- Company Name
- Pegasystems
- Job Title
- Senior Site Reliability Engineer
- Job Description
-
Job Title: Senior Site Reliability Engineer
Role Summary:
Seasoned engineer responsible for ensuring reliability, scalability, and performance of a SaaS platform. Works on a lean, globally distributed team to define reliability targets, automate operations, and drive continuous improvement in a cloud‑native environment.
Expectations:
- Deliver and maintain SLOs/SLIs and manage error budgets.
- Collaborate across product, platform, and engineering teams worldwide.

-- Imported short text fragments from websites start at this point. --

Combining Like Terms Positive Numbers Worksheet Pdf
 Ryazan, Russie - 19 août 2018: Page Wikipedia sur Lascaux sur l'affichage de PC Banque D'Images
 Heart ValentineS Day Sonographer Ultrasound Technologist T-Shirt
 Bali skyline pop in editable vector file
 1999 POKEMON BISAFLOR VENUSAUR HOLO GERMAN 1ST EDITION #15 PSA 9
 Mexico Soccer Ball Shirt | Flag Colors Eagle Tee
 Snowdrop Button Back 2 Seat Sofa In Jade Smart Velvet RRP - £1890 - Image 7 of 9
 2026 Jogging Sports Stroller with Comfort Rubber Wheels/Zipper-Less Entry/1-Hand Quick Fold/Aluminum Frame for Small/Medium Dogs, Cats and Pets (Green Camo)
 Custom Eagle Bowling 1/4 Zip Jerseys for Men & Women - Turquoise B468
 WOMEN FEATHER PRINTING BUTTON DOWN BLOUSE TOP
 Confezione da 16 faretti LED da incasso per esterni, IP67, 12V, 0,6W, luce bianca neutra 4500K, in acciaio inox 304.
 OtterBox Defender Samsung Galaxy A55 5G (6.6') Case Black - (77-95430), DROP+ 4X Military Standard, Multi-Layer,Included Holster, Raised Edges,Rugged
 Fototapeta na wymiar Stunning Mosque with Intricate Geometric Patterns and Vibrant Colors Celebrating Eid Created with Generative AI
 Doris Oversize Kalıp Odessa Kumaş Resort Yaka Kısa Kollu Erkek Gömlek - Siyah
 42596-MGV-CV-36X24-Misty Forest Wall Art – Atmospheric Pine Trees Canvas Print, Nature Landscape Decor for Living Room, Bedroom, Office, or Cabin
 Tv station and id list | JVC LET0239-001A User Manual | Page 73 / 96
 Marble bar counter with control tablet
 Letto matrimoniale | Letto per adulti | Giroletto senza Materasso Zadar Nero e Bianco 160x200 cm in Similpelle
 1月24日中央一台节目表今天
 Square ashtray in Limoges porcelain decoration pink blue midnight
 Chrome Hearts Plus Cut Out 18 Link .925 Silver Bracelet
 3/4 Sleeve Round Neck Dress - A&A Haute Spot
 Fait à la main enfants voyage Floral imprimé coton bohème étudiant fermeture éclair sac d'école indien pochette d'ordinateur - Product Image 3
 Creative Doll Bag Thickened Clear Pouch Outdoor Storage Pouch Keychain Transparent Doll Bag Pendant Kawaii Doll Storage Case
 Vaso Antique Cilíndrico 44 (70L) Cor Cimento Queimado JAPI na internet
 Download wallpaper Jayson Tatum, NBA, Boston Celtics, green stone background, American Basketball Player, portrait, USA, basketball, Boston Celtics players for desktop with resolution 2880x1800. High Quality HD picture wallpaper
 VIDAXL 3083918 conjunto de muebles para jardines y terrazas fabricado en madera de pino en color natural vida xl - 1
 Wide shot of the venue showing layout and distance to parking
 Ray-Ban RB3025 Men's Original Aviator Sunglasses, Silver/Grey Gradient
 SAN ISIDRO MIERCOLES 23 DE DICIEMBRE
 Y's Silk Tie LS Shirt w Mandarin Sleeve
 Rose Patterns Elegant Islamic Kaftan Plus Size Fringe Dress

- Lead incident response, root‑cause analysis, and post‑mortem processes.
- Promote automation, observability, and DevOps best practices.
- Operate effectively in a small, high‑autonomy team with minimal supervision.
Key Responsibilities:
- Define, implement, and monitor reliability metrics (SLOs, SLIs, error budgets).
- Design and support fault‑tolerant, scalable architectures.
- Build and maintain CI/CD pipelines and automated deployment workflows.
- Develop and enhance monitoring, alerting, and dashboarding solutions (e.g., Prometheus, Grafana, Datadog).
- Conduct on‑call duties, incident triage, and root‑cause analyses.
- Drive infrastructure as code using Kubernetes and cloud services (AWS, Azure, or GCP).
- Mentor team members and foster cross‑time‑zone collaboration.
Required Skills:
- 5+ years in software engineering or infrastructure roles, including ≥1 year in an SRE capacity.
- Strong experience with cloud platforms (AWS, Azure, or GCP) and container orchestration (Kubernetes).
- Proficiency in monitoring/observability tools (Prometheus, Grafana, Datadog, etc.).
- Deep understanding of distributed systems, reliability engineering, and CI/CD pipelines.
- Excellent communication and stakeholder‑management abilities.
- Ability to work independently and drive results in a remote, culturally diverse environment.
Required Education & Certifications:
- Bachelor’s degree in Computer Science, Engineering, or related field (preferred, not required).
- Relevant cloud certifications (e.g., AWS Certified Solutions Architect, GCP Professional Cloud Architect) or CKAD (Certified Kubernetes Application Developer) considered a plus.